[DATASET EXCERPT]:
<<<<
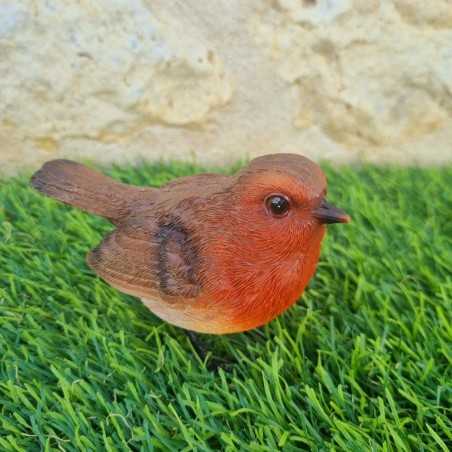 Red Resin Bird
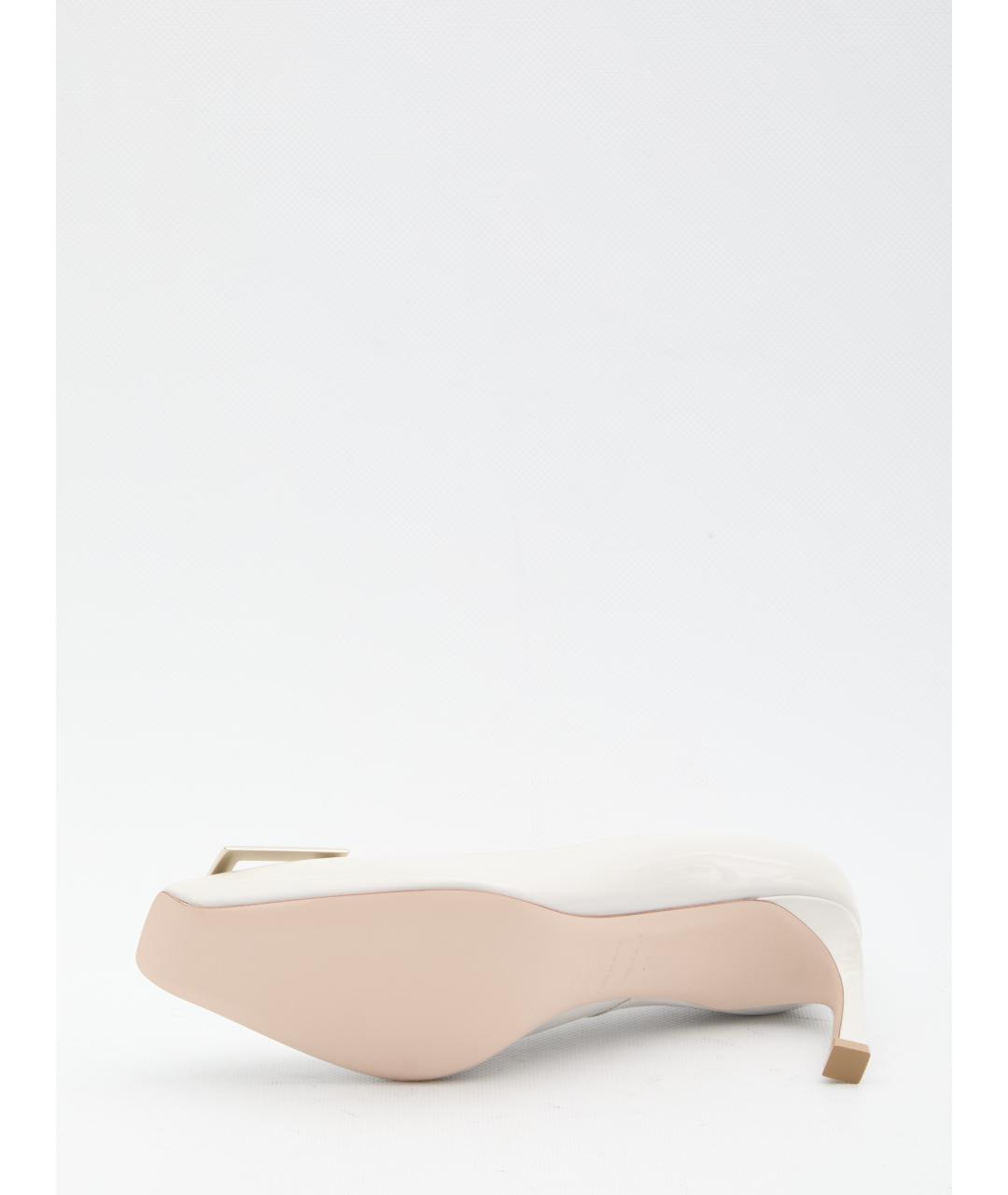 ROGER VIVIER Серые кожаные туфли, фото 4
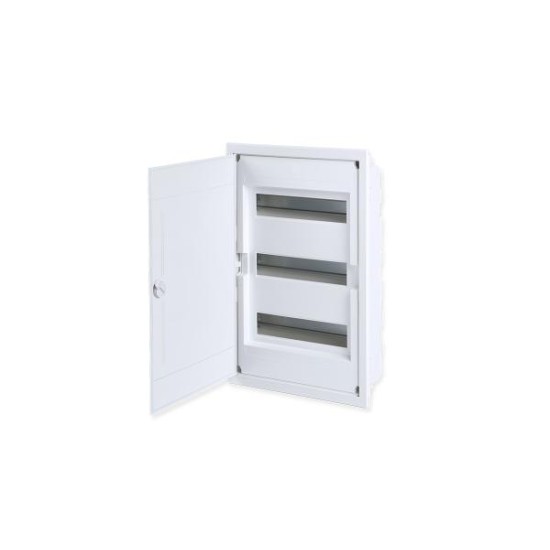 Πίνακας χωνευτός με λευκή πόρτα IP40 / 3Σειρών 36Μodule /   282U36AW - Tehnoplast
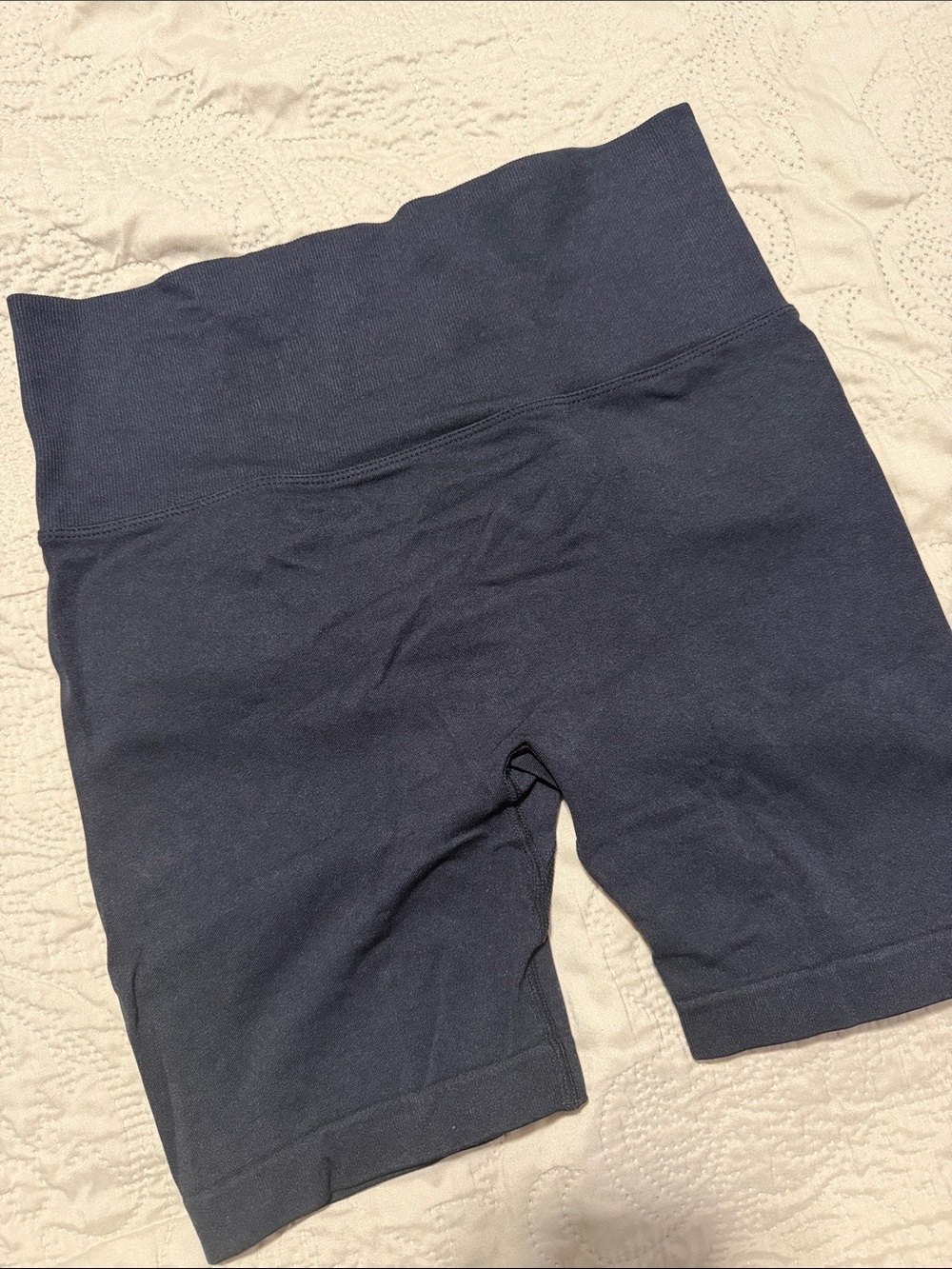 High-Rise Women's Bike Shorts in Black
>>>>
[ACTIVITY]: Extract every line of the data exactly; pictures stay out.

[OUTPUT FOR THIS EXERCISE]:
 Red Resin Bird
 ROGER VIVIER Серые кожаные туфли, фото 4
 Πίνακας χωνευτός με λευκή πόρτα IP40 / 3Σειρών 36Μodule /   282U36AW - Tehnoplast
 High-Rise Women's Bike Shorts in Black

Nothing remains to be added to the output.